Only Nuclear Power Plant in Massachusetts to Close by 2019

Facing pressure from the feds, Pilgrim Nuclear Power Station's owners cite poor market conditions.

Massachusetts will lose its only nuclear power plant by summer 2019.

Entergy Corporation, owners of the Pilgrim Nuclear Power Station in Plymouth, announced their decision Tuesday to close the 43-year-old plant by June 1, 2019, citing “poor market conditions, reduced revenues and increased operational costs.”

“The decision to close Pilgrim was incredibly difficult because of the effect on our employees and the communities in which they work and live,” Entergy chairman and CEO Leo Denault said in a press release. “But market conditions and increased costs led us to reluctantly conclude that we have no option other than to shut down the plant.”

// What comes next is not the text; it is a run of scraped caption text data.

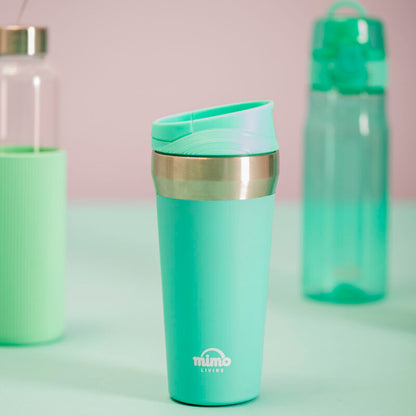 Green travel mug with a silver lid on a light green surface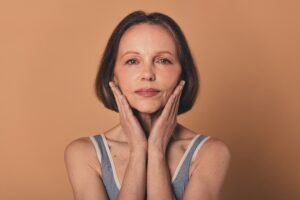 Woman in her 60s frames her face with her hands, highlighting areas of volume loss before micro-fat transfer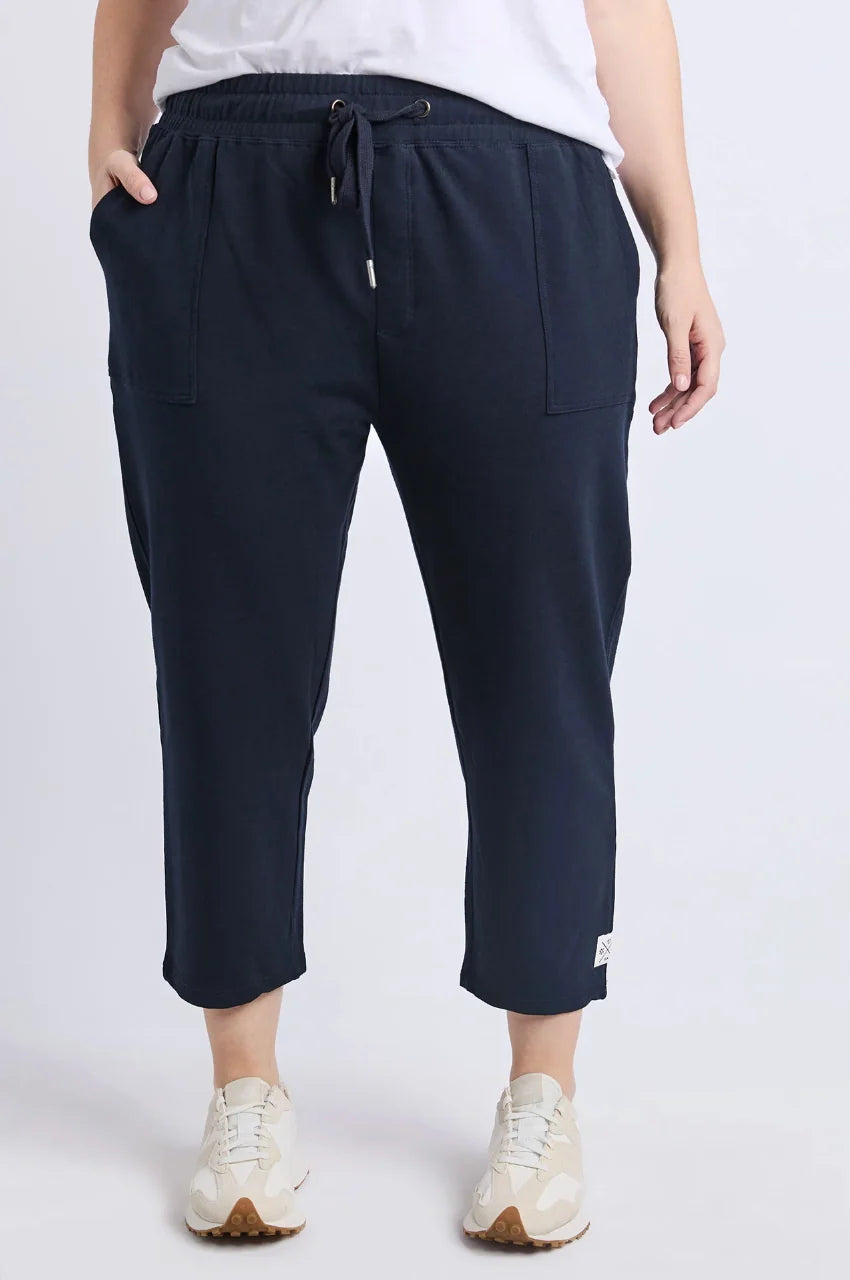 Woman wearing Elm navy blue pants with a white background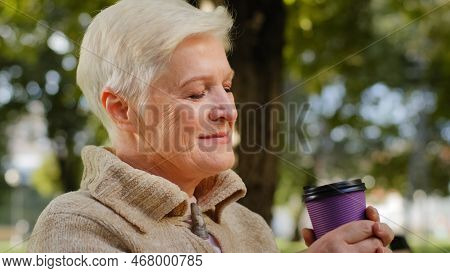 Wrinkled Face Of 60s Happy Elderly Woman Outdoors In Park Looking Aside Having Wide Smile, Dental Im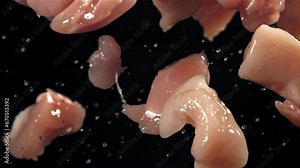 Pieces of raw chicken fly up and fall down. Filmed on a high-speed camera at 1000 fps. High quality FullHD footage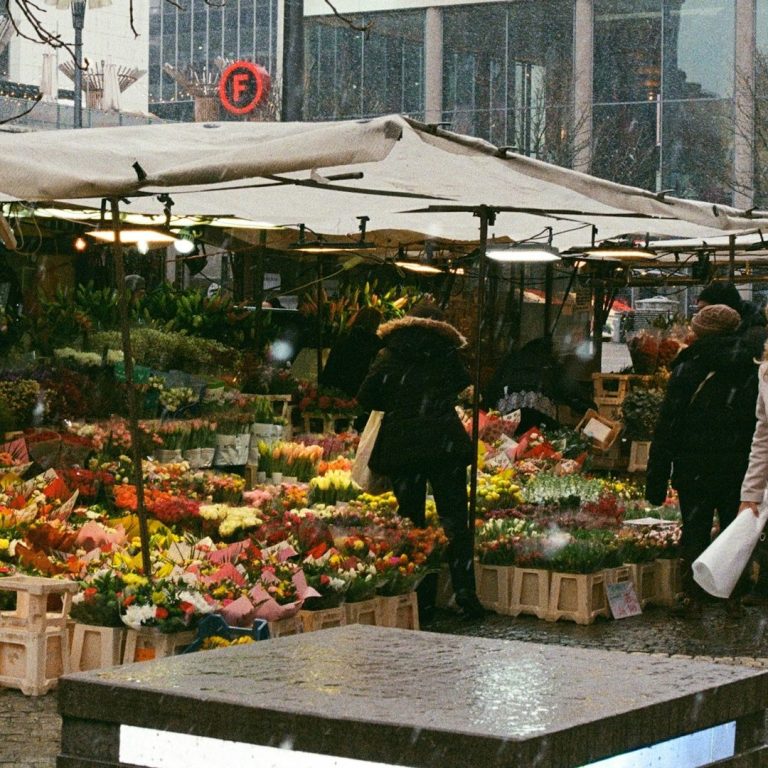 Marktstände auf einem Markt mit Menschen, die einkaufen.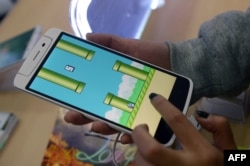 河内一家智能手机店的雇员在玩Flappy Bird(像素鸟)游戏。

In September, the federal Nuclear Regulatory Commission (NRC) downgraded Pilgrim to the bottom of the performance list of the country’s 99 operating reactors, one step above mandatory shutdown, citing the company’s failure to address the factors that led to the plant’s high number of unplanned, forced shutdowns and equipment failures. (Only two other plants are in similarly low standing: Arkansas Nuclear One and Arkansas Nuclear Two, also owned by Entergy, which employs 13,000.)

“Losing Pilgrim as a significant power generator not only poses a potential energy shortage, but also highlights the need for clean, reliable, affordable energy proposals which my administration has put forward through legislation to deliver affordable hydroelectricity and Class-I renewable resources,” Gov. Charlie Baker said Tuesday in a release. “The closure of Pilgrim will be a significant loss of carbon-free electricity generation and will offset progress Massachusetts has made in achieving the 2020 greenhouse gas emission reduction goals, making it more challenging to hit these targets.”

Though the AP reports the plant requires millions of dollars in improvements, Pilgrim was relicensed for an additional 20 years in 2012. The plant generates 680 megawatts of electricity, powering more than 600,000 homes.

With the closing of Pilgrim, Massachusetts will be one of 21 states without a nuclear power plant. The Vermont Yankee Nuclear Power Station, built the same year as Pilgrim, is currently undergoing decommissioning; its reactor was permanently shut down in December 2014. Seabrook Station in New Hampshire and Millstones Two and Three in Connecticut are still in operation.